Thu, 11 Oct 2001 12:16:49 -0400

This message is in MIME format. Since your mail reader does not understand
this format, some or all of this message may not be legible.

------_=_NextPart_001_01C15270.21C1D350
Content-Type: text/plain

I looked through the writeup. Here are my comments in no
particular order:

*	I think you also need CDFs.  CDFs are used more in decision criteria than PDFs.
*	I don't like the FeatureDomain name (or FeatureSpace or Features). I have never heard
FeatureDomain term used before in statistics. I tend use "feature" as a term of something that is
extracted or estimated from data. I think you are mixing the concept of a "measurement", a "sample",
a "population", a "sample from a population", a "subsample", and an "estimated pmf (histogram)".  I
suggest you identify how these concepts are each supposed to be used.  And what concepts needs to
represented as objects. Some suggestions for the underlying concepts

*	RandomVariable 
*	FunctionOfARandomVariable
*	Sample

*	This is a confusion concept because you can have a single sample of a random variable or you
can take a "sample" which are number of sampling a random variable. You want to make sure there is
not confusion by what you mean by sample in the toolkit.
*	Perhaps the solution is have a "Sample" and a "Measurement".  A "Measurement" is a single
sample of a random variable and "Sample" is a collection of "Measurement"'s.  I guess in your current
terminology a "Measurement" refers to your "Observation".

*	Measurement (see above)
*	Density
*	Distribution (typically a CDF).
*	Parameter (population parameter)
*	Estimate (something calculated from a collection of rv's. If the estimate is on of something
other than a parameter of the distribution, then it is hard to distinguish from a function of a
random variable).
*	Test - Student-t, Chi-squared, Hotelling T^2, F
*	Table 

*	In the context of a representing the area under a CDF.

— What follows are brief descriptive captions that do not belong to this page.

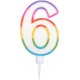 PARIS PRIX Bougie D'anniversaire chiffre 6 10cm Multicolore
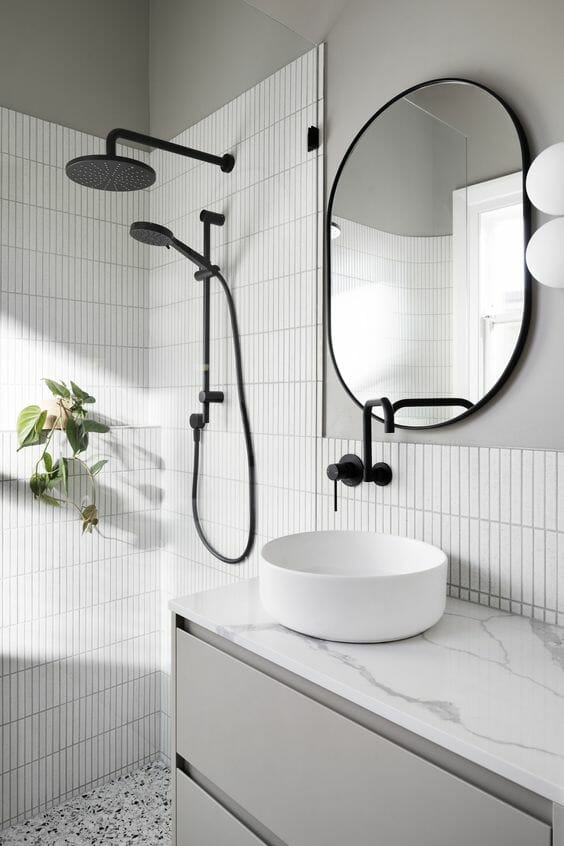 Monochrome japandi bathroom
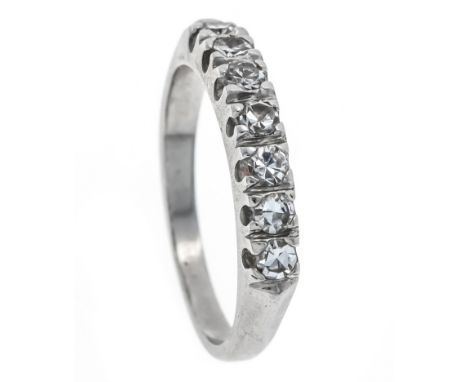 Diamant-Ring Platin 880/000 ungest., gepr., mit 7 Achtkantdiamanten, zus. 0,40 ct W/VS-SI, RG 53, 4,5 g
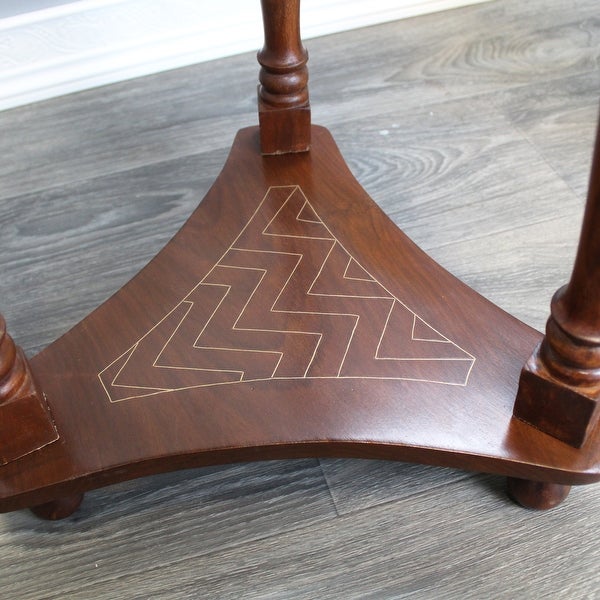 Natural Geo Rosewood Round Accent Table - Chevron Golden Brass Inlay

*	NearestNeighborFinder - I would call this a NearestNeighborLocator.
*	FastRandomUnitNormalVariateGenerator

*	I still do not like this name.  If this the proposed algorithm for generating samples from a
standardized gaussian distribution, then I propose we just call it NormalVariateGenerator.
*	However, I think this "algorithm" should really just be a method on a "Density" or
"Distribution".  Every "Distribution" should be able to generate random variables.  The simpliest way
to do this is to draw a sample from a uniform distribution and run that value through the inverse CDF
of the specified Distribution. If a CDF cannot be inverted (easily), you can do a binary search for
that x value generates the CDF value specified.  This could be the default implementation in the
"Density" and "Distribution" classes.
*	Along these lines, a Distribution should be able to answer "test" questions. i.e. What is the
probability of a random variable having a value less than or equal to "blah"

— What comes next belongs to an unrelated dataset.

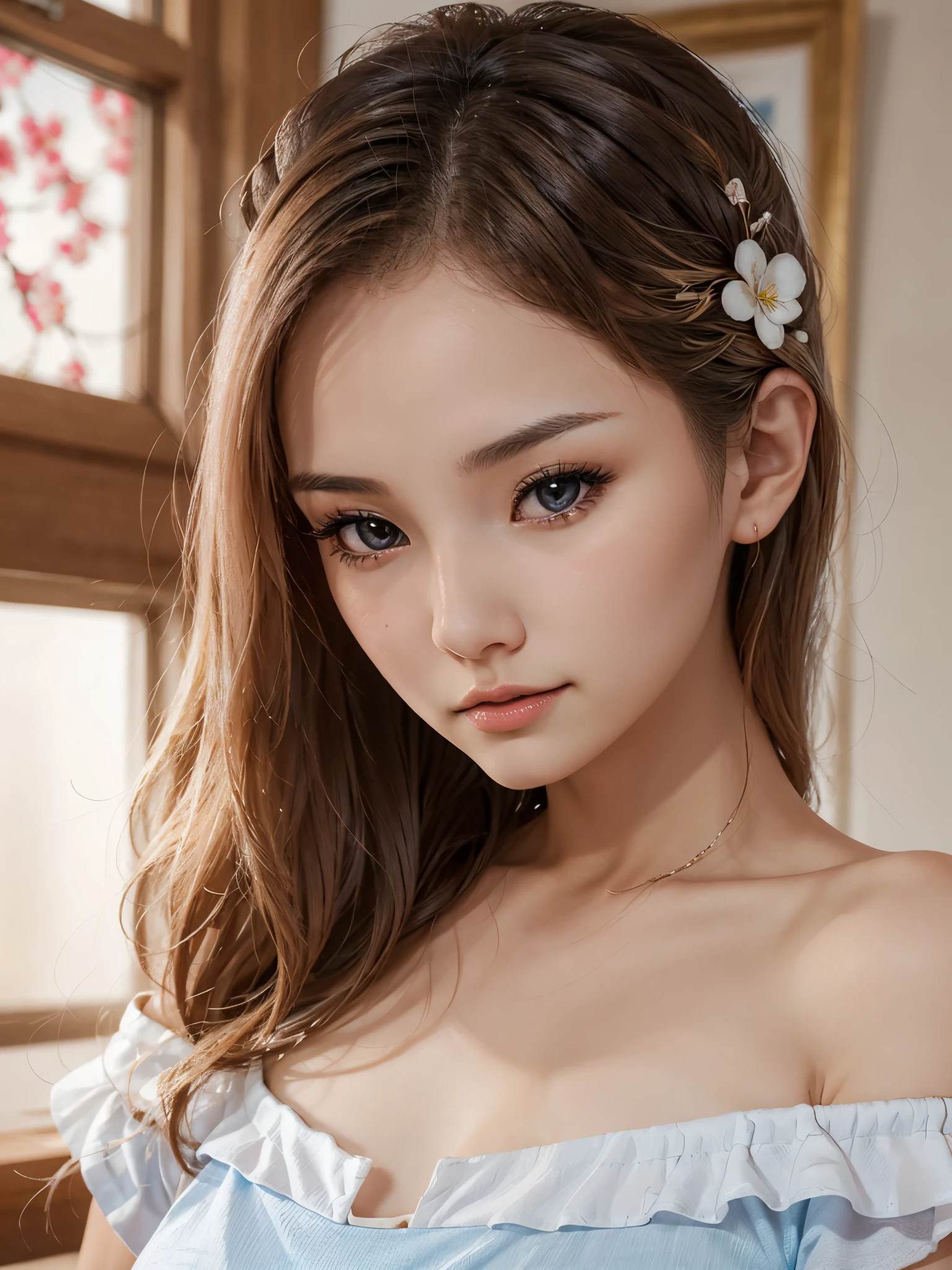 Fashion trendy beautiful and charming woman, gentle and charming Chinese beautiful woman, delicate and sexy collarbone, charming oval face, double eyelids, smart peach blossom eyes, pink lips, small nose, bare shoulders, focus on the face, close-up of the face, Ultra-high-definition, super-detailed, the white off-the-shoulder shirt perfectly echoes the light blue slit skirt, fresh and impressive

-----Original Message-----
From: Jisung Kim [ mailto:bahrahm@yahoo.com <mailto:bahrahm@yahoo.com> ]
Sent: Thursday, October 11, 2001 10:29 AM
To: insight-dev-list
Subject: [Insight-developers] Draft for the ITK statistical modelling
module

Hi.

I made a document about ITK statistical modelling
module. Neither the document nor the module is
complete in any sense. However, the document explains
the architecture of the module and reflects current
implementation of the module. The attached document is
a text file with column size 79. I haven't check in
the new codes. As soon as naming and namespace issues
are settled down, I will check in the new codes.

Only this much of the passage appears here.